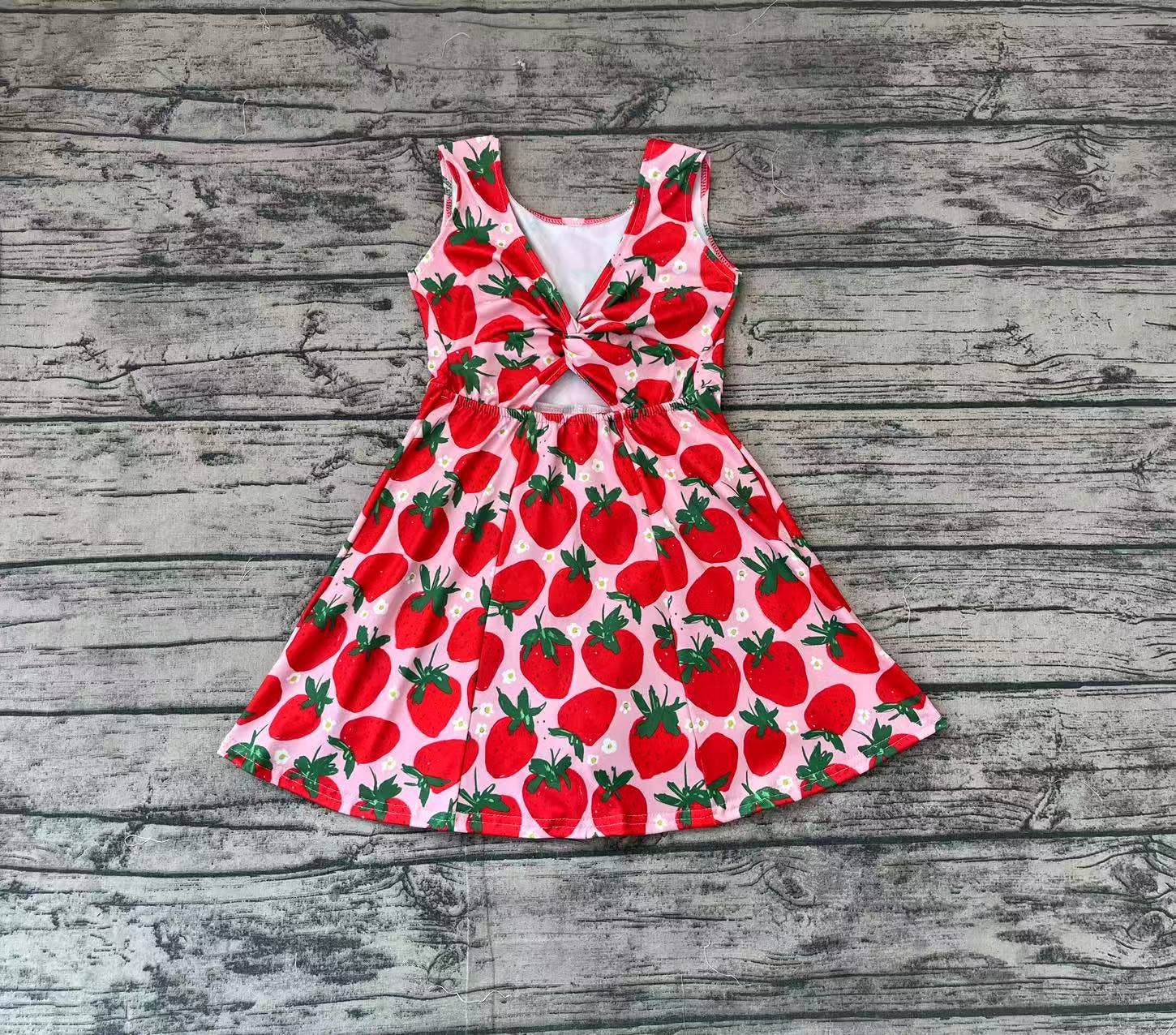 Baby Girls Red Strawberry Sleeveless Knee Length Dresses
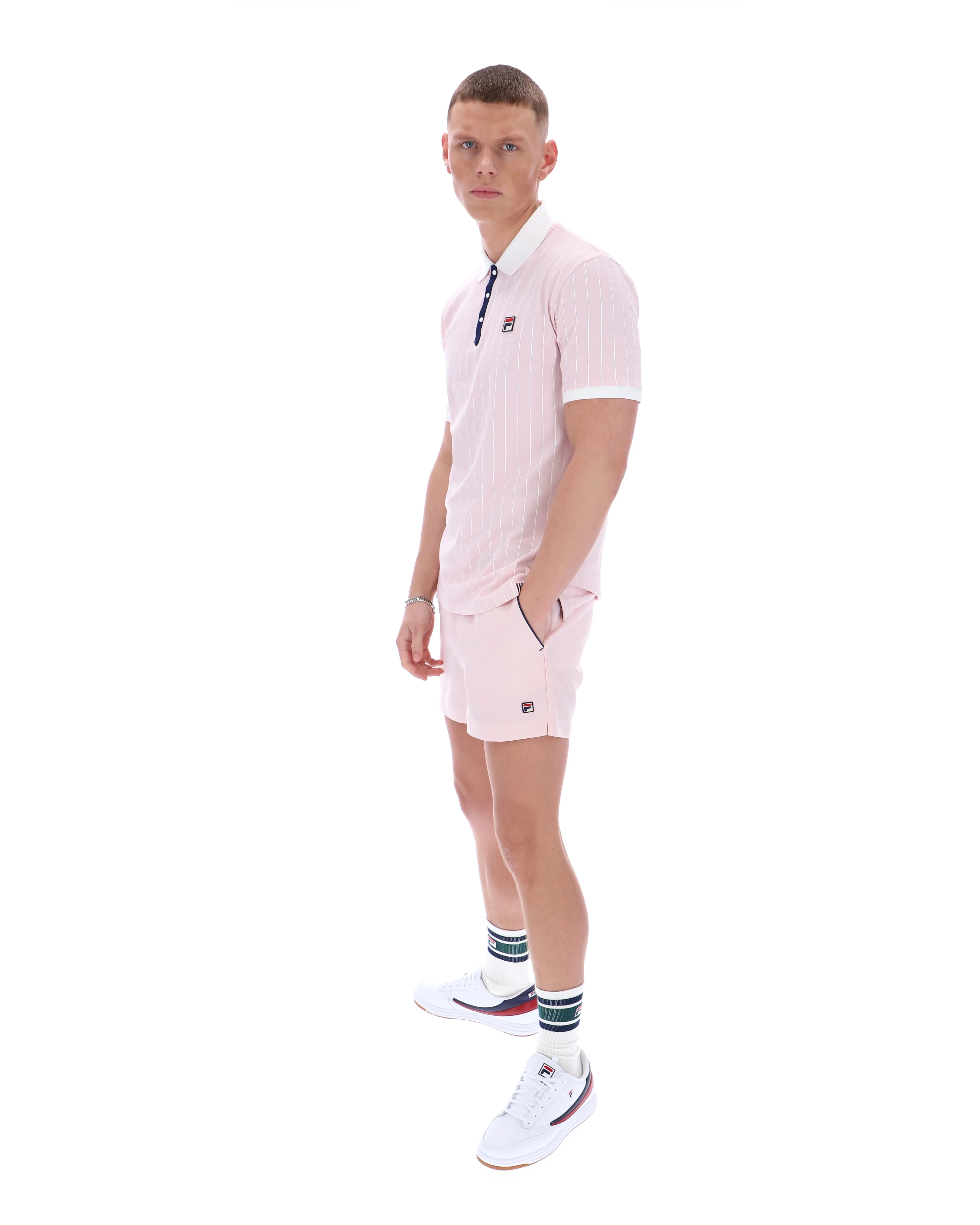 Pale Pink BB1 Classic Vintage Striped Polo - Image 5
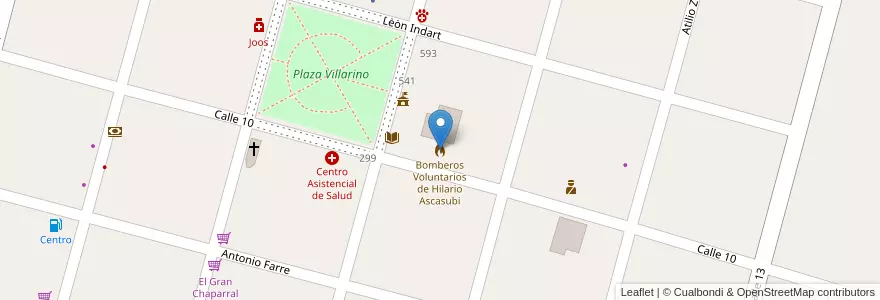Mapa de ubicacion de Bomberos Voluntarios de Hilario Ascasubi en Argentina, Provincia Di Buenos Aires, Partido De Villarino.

____

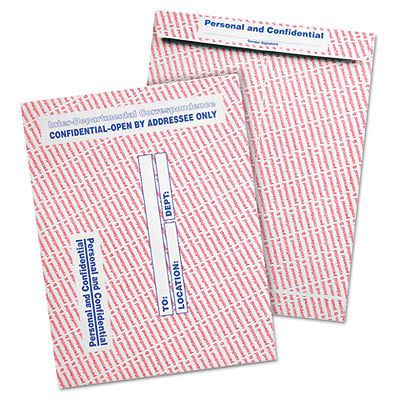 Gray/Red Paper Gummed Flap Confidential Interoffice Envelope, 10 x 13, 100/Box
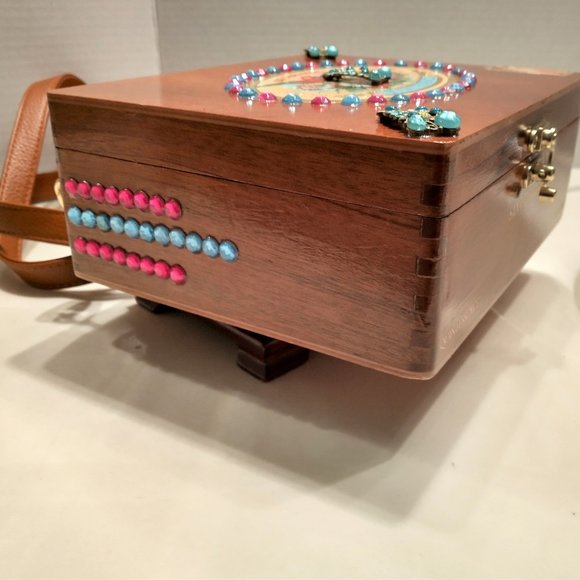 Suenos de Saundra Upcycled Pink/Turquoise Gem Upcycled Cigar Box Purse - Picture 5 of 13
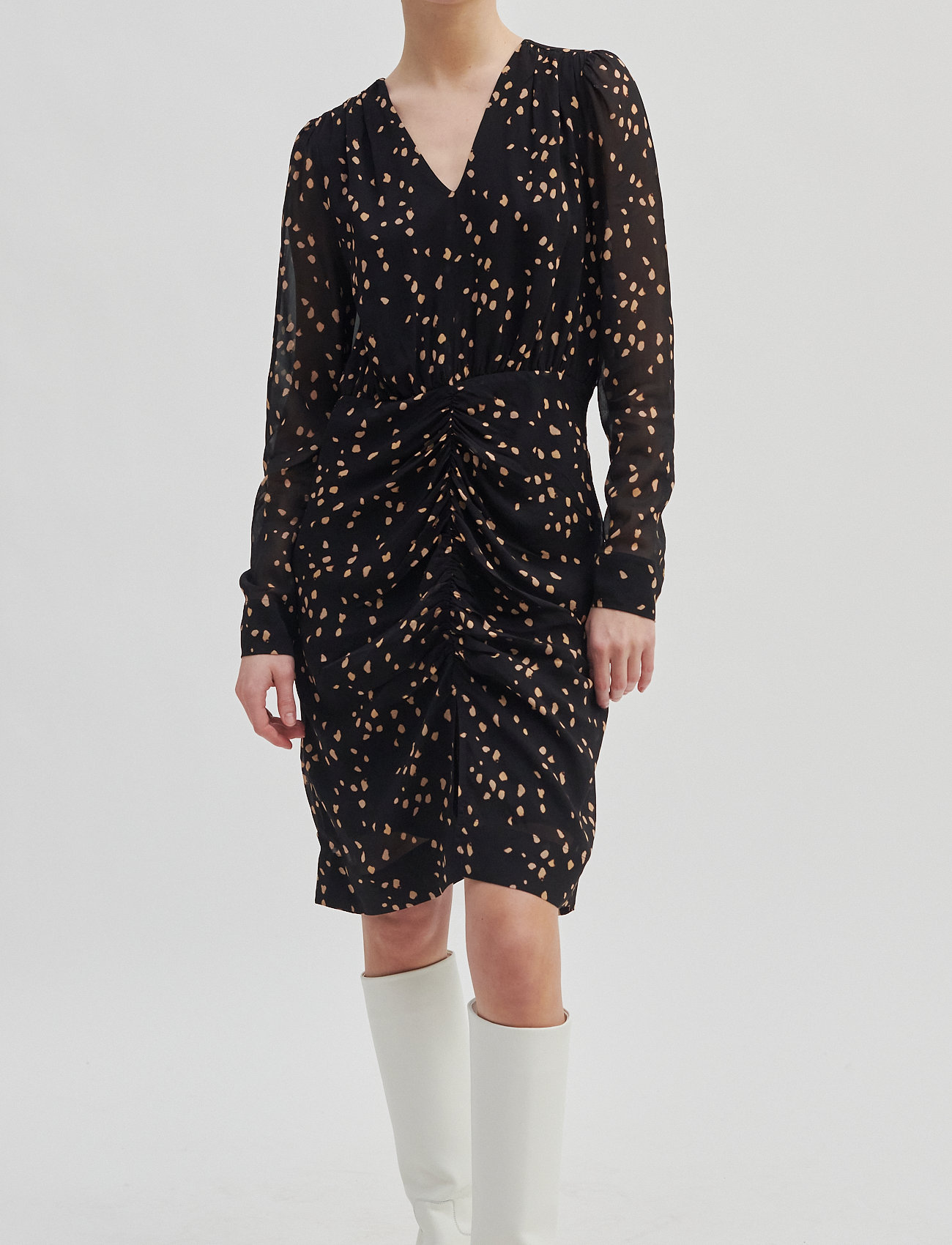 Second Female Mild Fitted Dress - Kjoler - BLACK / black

____

Aim of the exercise:
Exact copy, pictures excluded: from the line with "Pale Pink BB1" up to and including the line with "Mapa de ubicacion" in the data above.

Task result:
 Pale Pink BB1 Classic Vintage Striped Polo - Image 5
Mapa de ubicacion de Bomberos Voluntarios de Hilario Ascasubi en Argentina, Provincia Di Buenos Aires, Partido De Villarino.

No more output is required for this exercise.